Aucun projet d'ordonnance n'a pu être remis à vos rapporteurs dans la mesure où sa rédaction dépend des négociations professionnelles en cours. Mais, si les négociations entre professionnels aboutissent, l'ordonnance permettra, à n'en pas douter, une rénovation utile des dispositifs de régulation de la diffusion cinématographique et des relations entre distributeurs et exploitants.

III - Le texte adopté par l'Assemblée nationale

L'Assemblée nationale a utilement précisé que les dispositions que le Gouvernement pourra prendre pour actualiser les registres du cinéma et de l'audiovisuel et pour renforcer la transparence de l'information relative aux recettes d'exploitation des oeuvres devront être prises « dans le respect des dispositions du code de la propriété intellectuelle. »

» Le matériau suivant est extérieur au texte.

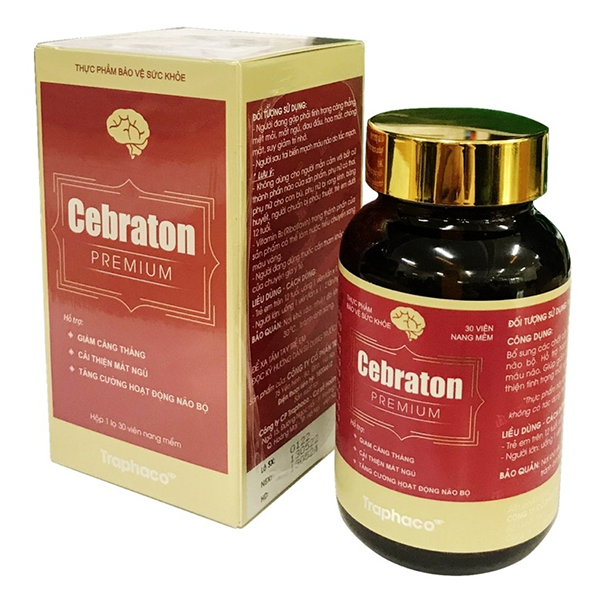 CEBRATON PREMIUM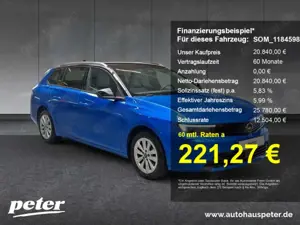 Opel Astra Astra L ST 1.2 Turbo Elegance Klimaautomatik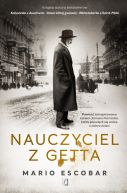Okładka - Nauczyciel z getta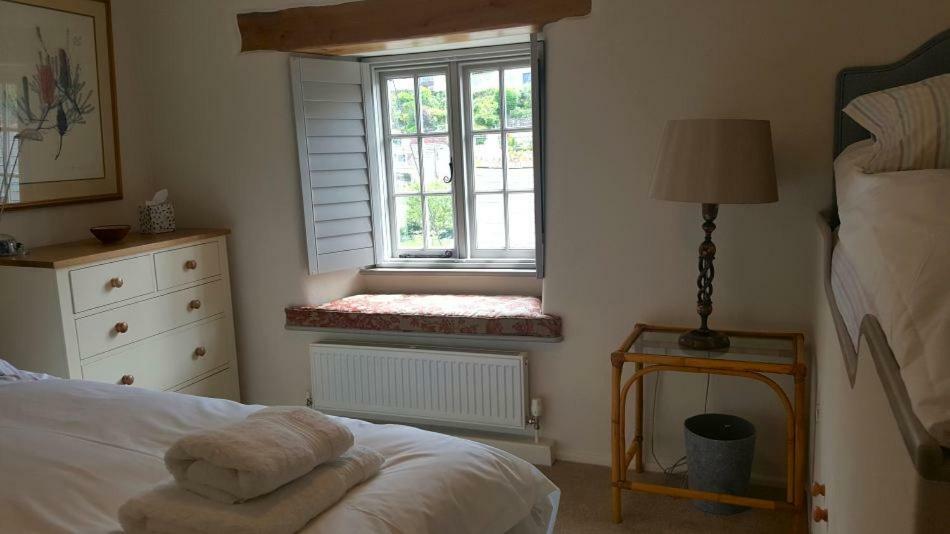 Pilchards Cottage Noss Mayo Extérieur photo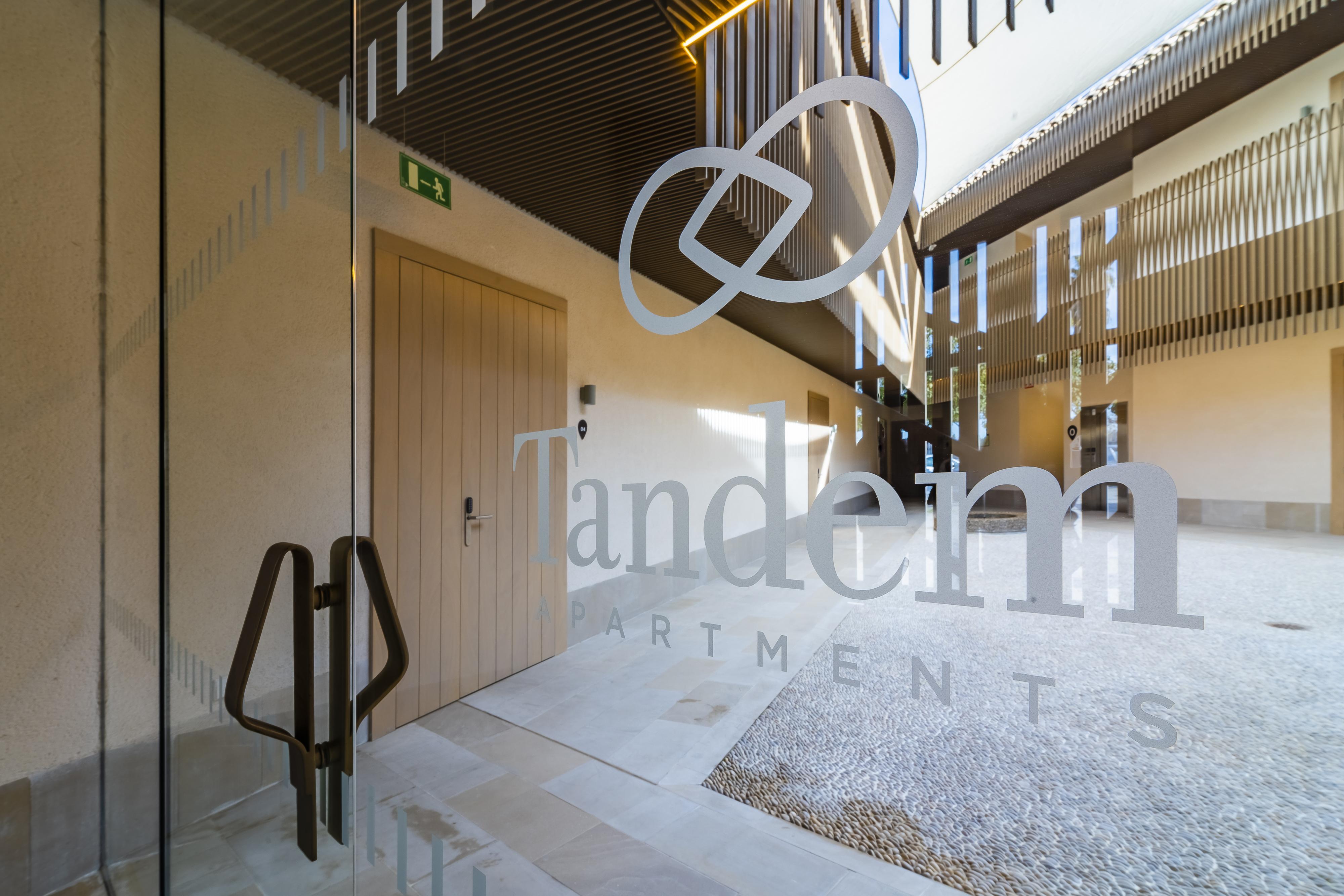 コルドバTandem Torre De La Calahorraアパートメント エクステリア 写真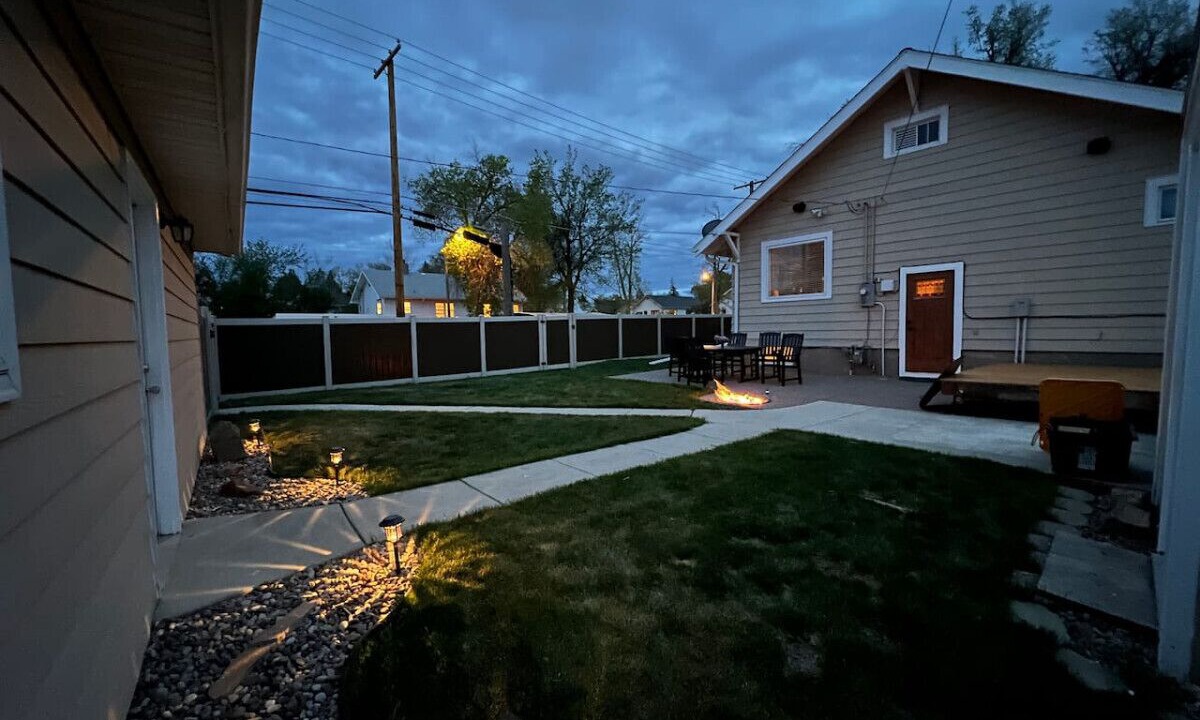 Photo of Patio Balcony in Great Falls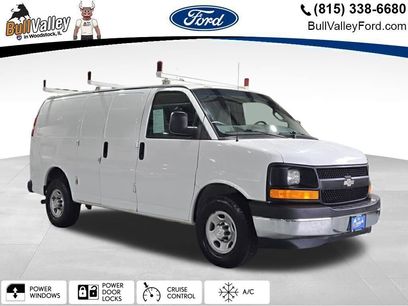 Used 2017 Chevrolet Express 3500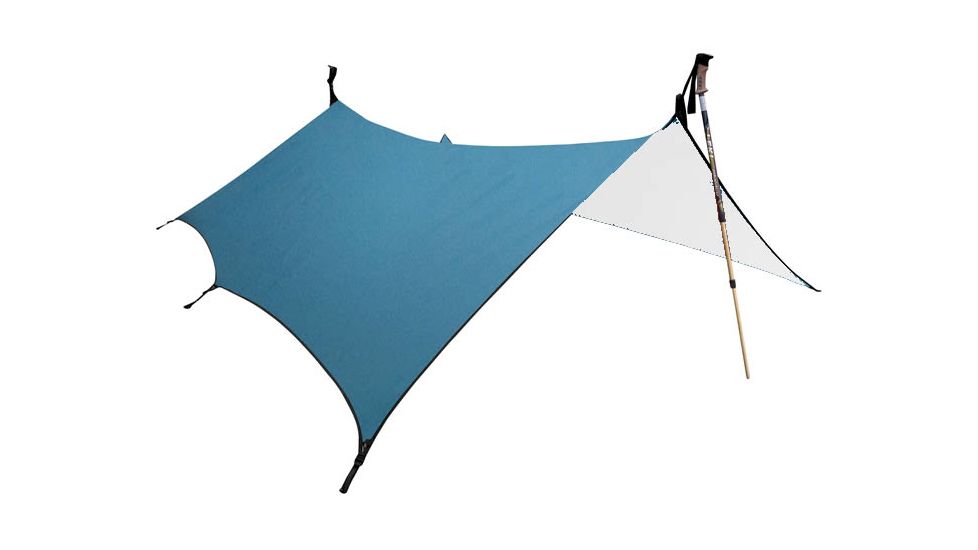 Granite Gear White Lightnin' Tarp - 8x10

IV - La position de votre commission

Ainsi qu'elle l'a exprimé à l'article précédent, votre commission ne peut que regretter qu'une réforme aussi importante du cadre juridique régissant ce secteur essentiel de la culture soit réalisée par voie d'ordonnances.

L'aménagement des dispositifs de régulation de la diffusion des oeuvres cinématographiques aurait sans doute pu faire l'objet d'un projet de loi spécifique que le Parlement aurait examiné dans le courant de l'année 2009. Ainsi, la mutation du secteur du cinéma et de son cadre juridique aurait-elle fait l'objet d'un débat public, qui aurait également permis de mieux le valoriser aux yeux de nos concitoyens.

Votre commission constate cependant que le problème d'encombrement de l'ordre du jour des assemblées parlementaires a peu de chance d'être résolu à brève échéance. Aussi a-t-elle admis la procédure des ordonnances, sous réserve néanmoins qu'un comité de suivi soit créé, selon les modalités déjà indiquées.

Ainsi, à défaut d'un projet de loi spécifiquement dédié à ces réformes essentielles, que notre commission des affaires culturelles avait appelé de ses voeux, le Parlement sera associé à l'élaboration de ce nouveau cadre juridique en amont du processus de validation des ordonnances.

Sous ces réserves, votre commission vous propose d'adopter cet article sans modification.

* 98 Extraits du rapport précité présenté par M. Serge Lagauche au nom de la commission des affaires culturelles.

* 99 Voir le résumé du rapport en annexe au présent rapport.